分数/小数問題については次項で言及することとします。

機能性

やはり中学高校での使用前提なようで、機能は控えめな印象があります。CALC機能や因数分解はありません。CALCは便利なのであってほしいかなと思いますが、まあ必須機能とまではいかないでしょう。関数電卓としてはあくまでおまけです。その代わりといっては何ですが、K機能(コンスタント)がついています。これはKに式を記憶させて同じような計算を繰り返すCALCに近い機能です。例えばK=*2+3と入力し、次に2と入力してenterを押すと2*2+3の計算結果7が返ってきます。
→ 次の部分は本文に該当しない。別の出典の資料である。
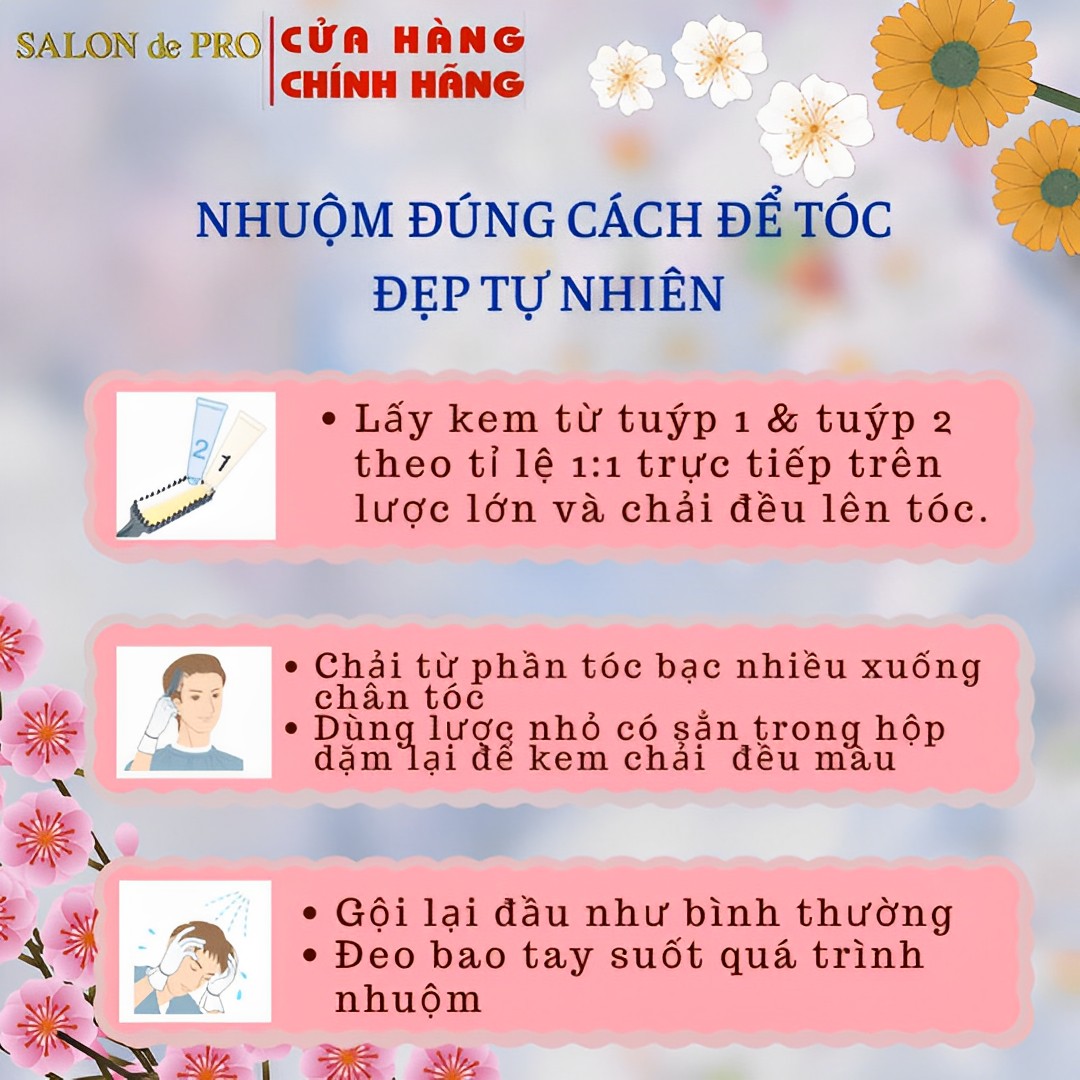 Kem nhuộm tóc Salon de Pro MCa6 -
私としては演算記号を一番前に持ってくるのはちょっと気味が悪いのですが、CALCより手数が減る分計算によってはこちらの方が便利かもしれません。

機能控えめといった割にはtable機能(式を立てて各値ごとの結果を一覧化)やdata機能(俗にいう統計機能)がついています。CALCを完全代用するならtableのほうが便利かもしれません。こちらはカシオと違って複数の式を同時に計算できない代わりに変数の値の上限がありません(というか設定できない)。統計機能はJP900程ではありませんが、標準偏差など各統計値が一括で見れるので、旧型カシオ機よりはいいと思います。まあ私は使いませんが。

また小数固定表示ができない点はカシオ機と同じです。切り替えボタンはenterキーのすぐ上についていて操作性でカバーされていますが、式・答えが長くなると画面が文字で埋め尽くされるので、ちょっと不親切です。

総論

カシオ製LSIが大部分を占める今日において、独自のLSIを搭載している機種は物珍しいですが、良い点悪い点は両方あります。一言で言ってしまえば癖の強い機種です。

まとめ

カシオ機をもう一台買おうかと思ったのですが、この2メーカーの独自性に惹かれて今回の選択に至りました。HP300s+はカシオLSIなので完全独自とは言えませんが、むしろ同じLSIなのにこうも操作性が違うのは驚きです。またTiとの出会いはかなりインパクトがありました…。今後は別のカシオ機や精度自慢のキャノン機も気になりますが、これも独自LSIであるシャープ機や別のTi機、HPは具体的にRPN記法という癖の塊のHP35sを入手できたら試してみます。